In the context of Detropia, the one line from the Democratic Convention that rings truest was Bill Clinton's: "The old economy is not coming back. We've got to build a new one and educate people to do those jobs."
Discussing her film weeks before the convention, Ewing hit a note similar to Clinton's: "What we are realizing is that a lot of those jobs are never coming back, even with the recovery, so what happens to these low skilled laborers? There's no jobs for them anymore. And that's where education comes in and that's why when you look at a place like Detroit, you have an incredibly subpar education system."
As winter thaws to spring, a Detroit different than the one of manufacturing and Motown lore emerges, as depicted by two artists who have moved there to join its' burgeoning artist community. While it's total population has fallen to the lowest in a century, Detroit's downtown has seen a 59 percent increase in young people.
"I would never be able to own a home as an artist, yet here I am, with a studio and an apartment, in a major city, functioning for $700 a month," one such young person explains.

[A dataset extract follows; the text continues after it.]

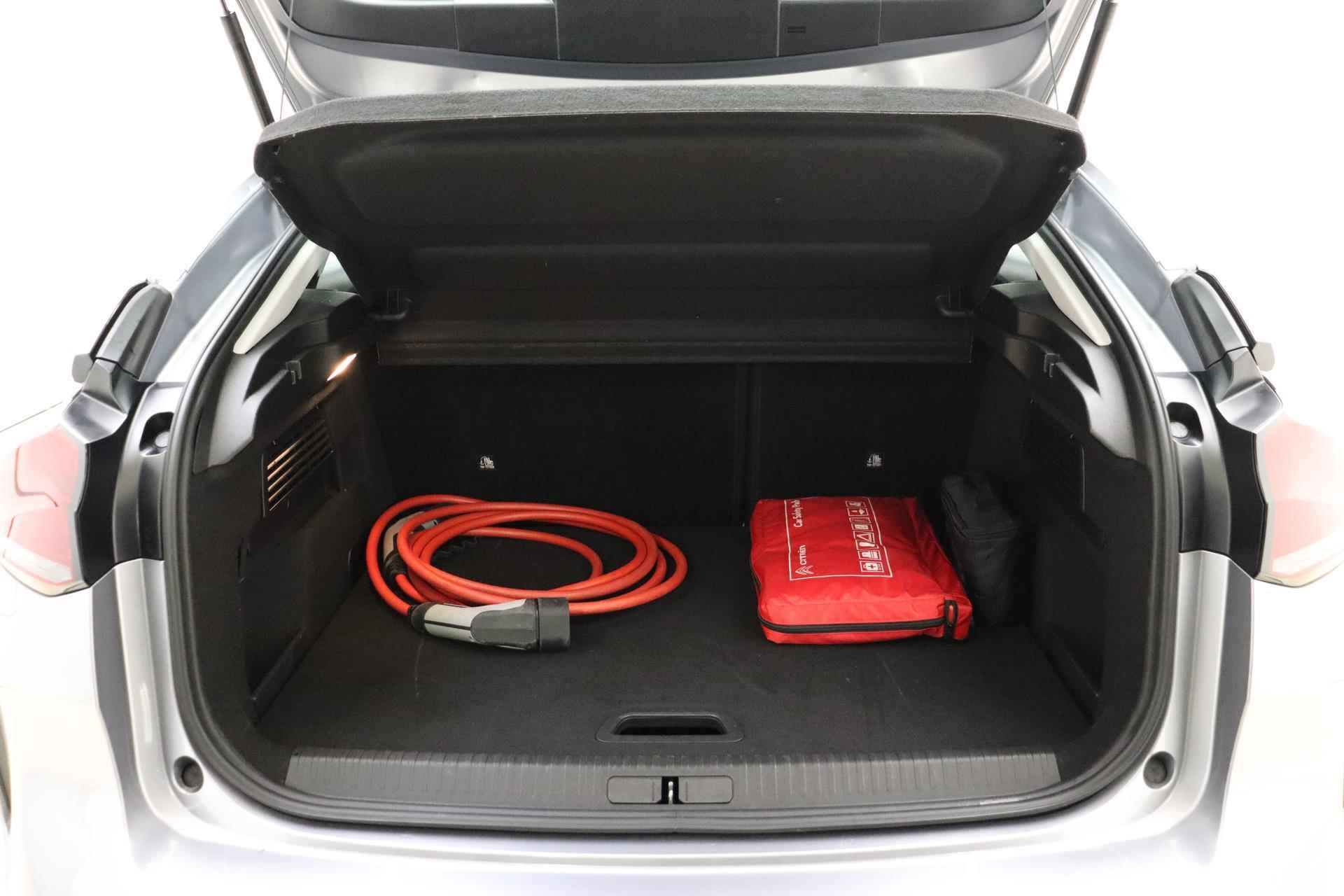 Citroen Ë-C4 Feel 50 kWh 3 Fase | Camera | Stoel & Stuurverwarming | Navigatie via Apple Carplay | Parkeersensoren | Dodehoek assistent - 14/39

But just because a new crowd has come to town doesn't mean the old one has let go entirely—perhaps best symbolized by a slab of glass clinging to a ruin of a train station. "I'm not falling. I refuse to fall of this f-cking train. Ever," as a Detroiter describes.
McGregor and his union cohorts celebrate a newspaper headline: "GM Back in the Game at Full Throttle." A cheerful McGregor drives through a greener Detroit bubbling, "I just like this place, I just love it. I just love it. I love it."
Stephens's assessment towards the end of the film is far more tempered, remarking that his brother in Florida is now complaining about the dire economic situation that he had seen first in Detroit. "What happened in Detroit is spreading out. It's coming to you."
As the filmmakers see it, the rise of America in the 20th century went hand in hand with the rise of Detroit, from the expansion of the middle class to the development of Motown music, and thus the country at large should pay heed to Detroit's struggles.
"It's been an important of the American story. I would say that it's at the very heart of the American identity as far as our definition of the middle class, which is a definition that has been exported to the rest of the world. I believe a good part of it was invented, formed, sculpted in Detroit," said Grady. "If Detroit can find its way out of these troubles, then maybe we are all going to be OK."
But whether it has found its way is an open question not answered by Detropia, and unlikely to be answered by November, either.